- Opening Delimiter -

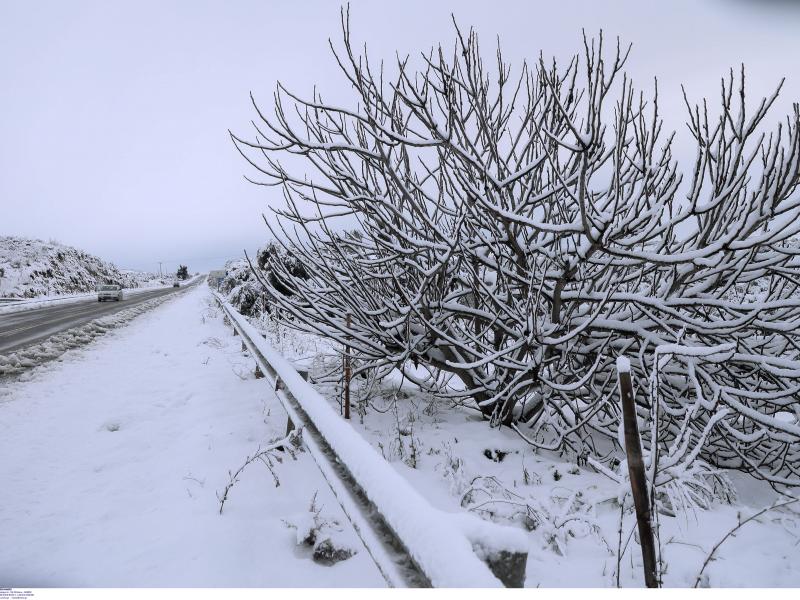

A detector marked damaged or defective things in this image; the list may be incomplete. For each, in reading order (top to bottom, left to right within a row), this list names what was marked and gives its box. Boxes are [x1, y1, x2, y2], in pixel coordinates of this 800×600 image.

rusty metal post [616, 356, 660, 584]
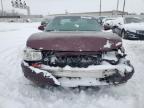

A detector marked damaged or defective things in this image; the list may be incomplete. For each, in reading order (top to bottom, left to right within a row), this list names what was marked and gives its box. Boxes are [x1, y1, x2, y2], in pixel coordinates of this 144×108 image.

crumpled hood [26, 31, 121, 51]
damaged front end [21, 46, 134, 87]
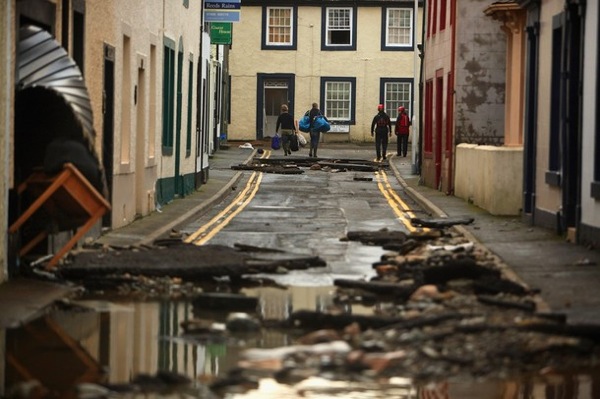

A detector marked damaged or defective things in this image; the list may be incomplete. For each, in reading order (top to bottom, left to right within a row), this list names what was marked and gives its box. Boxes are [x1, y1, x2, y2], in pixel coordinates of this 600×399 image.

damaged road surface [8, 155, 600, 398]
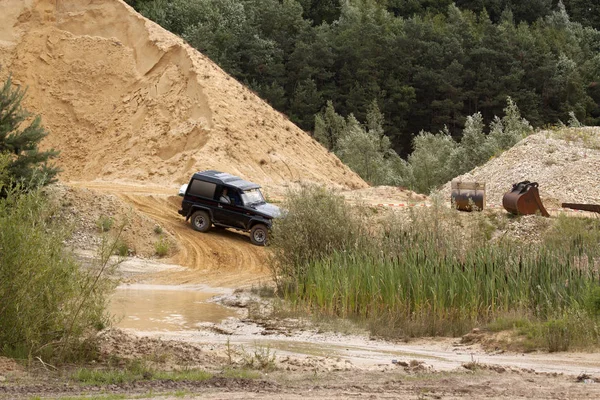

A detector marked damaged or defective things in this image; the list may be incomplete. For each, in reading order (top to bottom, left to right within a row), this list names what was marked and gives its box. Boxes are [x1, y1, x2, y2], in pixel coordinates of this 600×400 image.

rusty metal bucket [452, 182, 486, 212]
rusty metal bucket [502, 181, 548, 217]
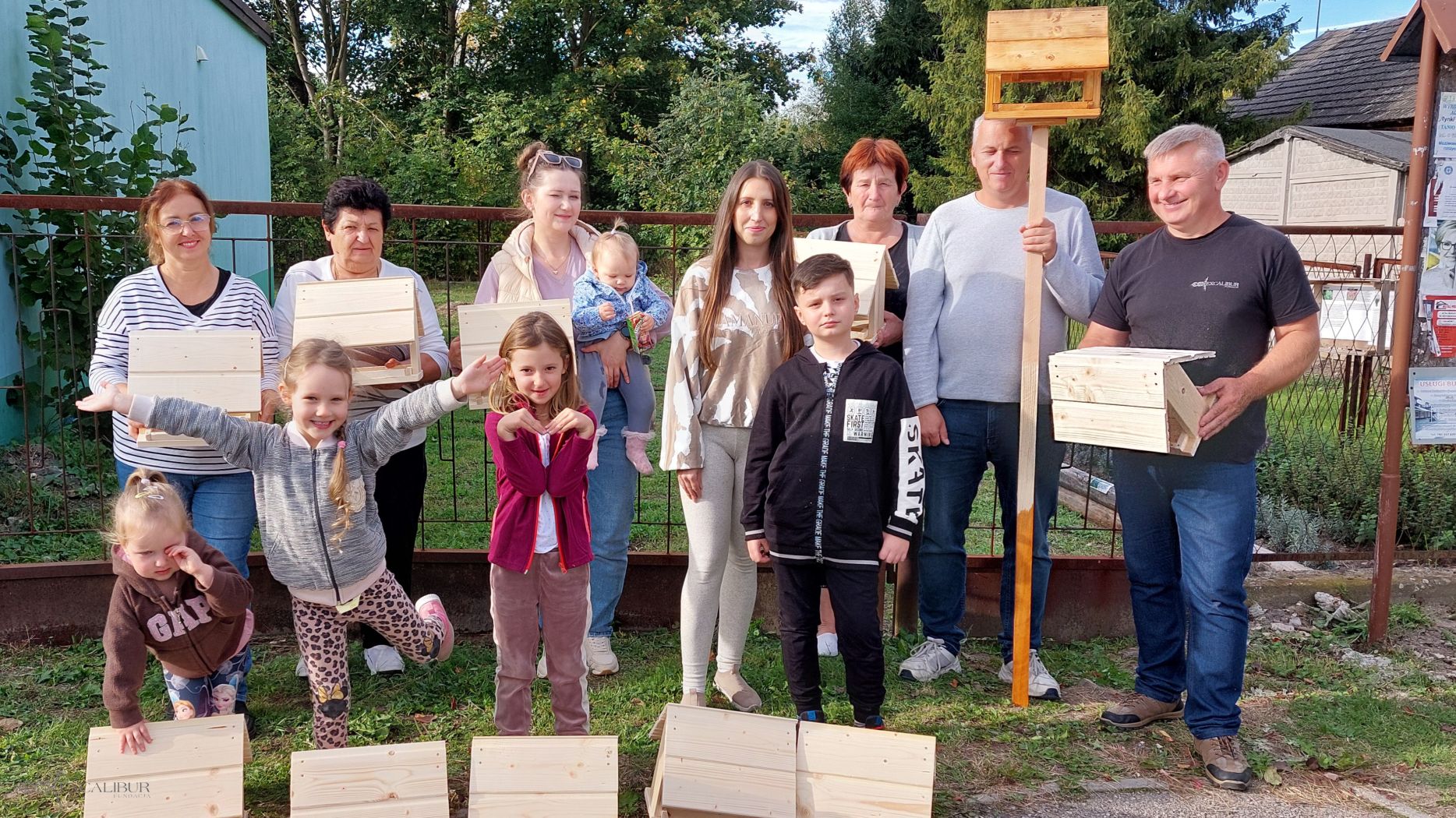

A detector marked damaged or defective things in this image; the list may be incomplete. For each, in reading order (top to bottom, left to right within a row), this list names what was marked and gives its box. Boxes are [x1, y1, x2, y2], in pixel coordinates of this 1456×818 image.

- Closing Delimiter -
- Opening Delimiter -

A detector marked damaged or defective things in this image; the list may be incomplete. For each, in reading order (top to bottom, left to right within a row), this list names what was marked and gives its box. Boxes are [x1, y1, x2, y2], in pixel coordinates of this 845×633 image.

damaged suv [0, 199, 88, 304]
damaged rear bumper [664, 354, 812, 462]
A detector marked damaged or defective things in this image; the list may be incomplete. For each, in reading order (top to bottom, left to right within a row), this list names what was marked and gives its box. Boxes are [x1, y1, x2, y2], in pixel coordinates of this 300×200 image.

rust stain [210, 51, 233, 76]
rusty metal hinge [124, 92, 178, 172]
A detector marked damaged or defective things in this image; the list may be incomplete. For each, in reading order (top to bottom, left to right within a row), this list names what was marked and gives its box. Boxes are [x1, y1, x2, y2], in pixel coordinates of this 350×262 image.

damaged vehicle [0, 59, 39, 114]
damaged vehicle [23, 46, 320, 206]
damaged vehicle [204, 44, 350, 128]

- Closing Delimiter -
- Opening Delimiter -

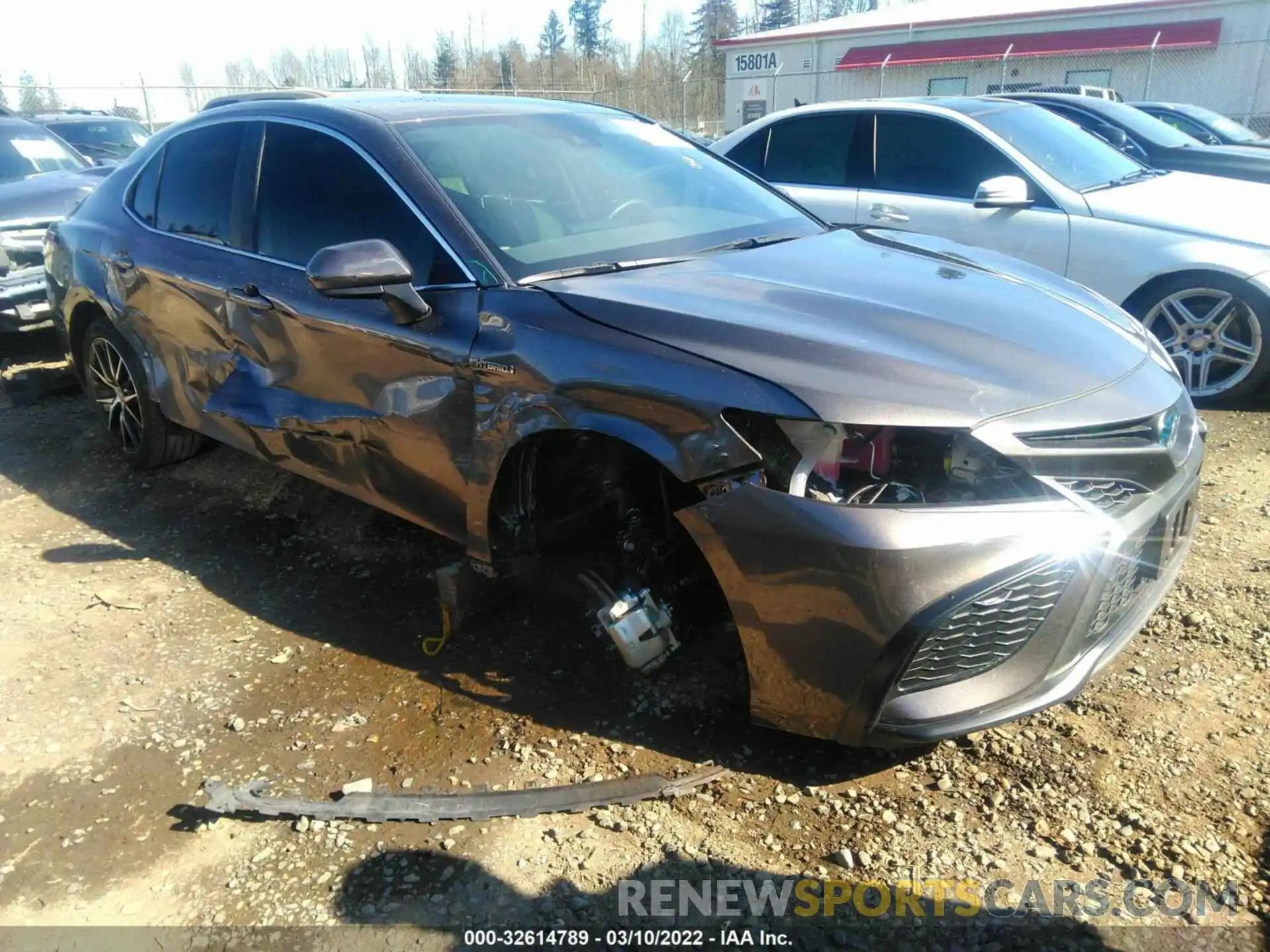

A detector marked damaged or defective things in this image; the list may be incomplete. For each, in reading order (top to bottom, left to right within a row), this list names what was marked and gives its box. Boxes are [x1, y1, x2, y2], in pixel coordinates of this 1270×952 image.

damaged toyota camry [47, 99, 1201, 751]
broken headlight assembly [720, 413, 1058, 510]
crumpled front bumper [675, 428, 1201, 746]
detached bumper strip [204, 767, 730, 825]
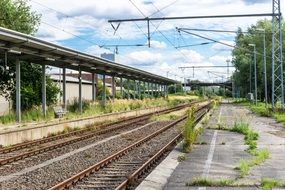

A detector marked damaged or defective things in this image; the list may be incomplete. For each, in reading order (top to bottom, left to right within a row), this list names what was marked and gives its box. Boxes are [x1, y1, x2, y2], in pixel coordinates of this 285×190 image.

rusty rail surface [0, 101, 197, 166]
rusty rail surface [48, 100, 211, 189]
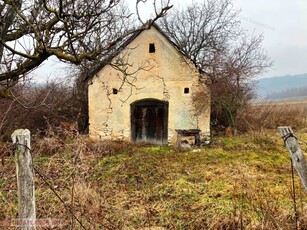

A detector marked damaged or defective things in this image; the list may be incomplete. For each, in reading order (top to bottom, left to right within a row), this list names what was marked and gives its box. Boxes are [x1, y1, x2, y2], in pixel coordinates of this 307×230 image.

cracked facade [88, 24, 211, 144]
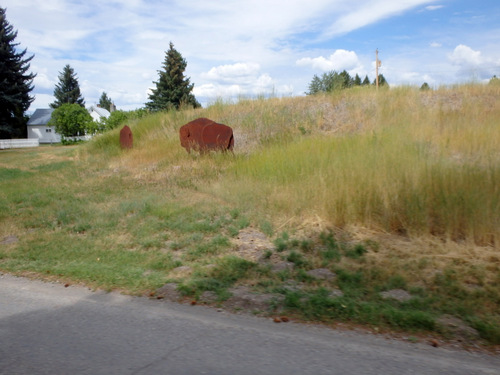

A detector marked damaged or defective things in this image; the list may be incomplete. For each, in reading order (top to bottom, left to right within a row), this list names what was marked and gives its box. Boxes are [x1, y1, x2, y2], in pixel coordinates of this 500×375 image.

- Closing Delimiter -

**What this task involves**
Write back word for word every line in the entries above from the one with "this 600×400 image." to the one with "this 1456×818 image.", ends included, and none of the pictures.

**Solution to this task**
A detector marked damaged or defective things in this image; the list may be incomplete. For each, in reading order (top to bottom, left to right within a row), this list names what was marked and gives its box. Boxes are [x1, y1, x2, y2], in pixel coordinates of this 600×400 image.

rusty metal bucket [452, 182, 486, 212]
rusty metal bucket [502, 181, 548, 217]

A detector marked damaged or defective things in this image; the list may be incomplete. For each, in reading order (top to bottom, left to right within a row), this list names what was marked and gives its box. Boxes are [x1, y1, x2, y2], in pixel coordinates of this 1456×818 image.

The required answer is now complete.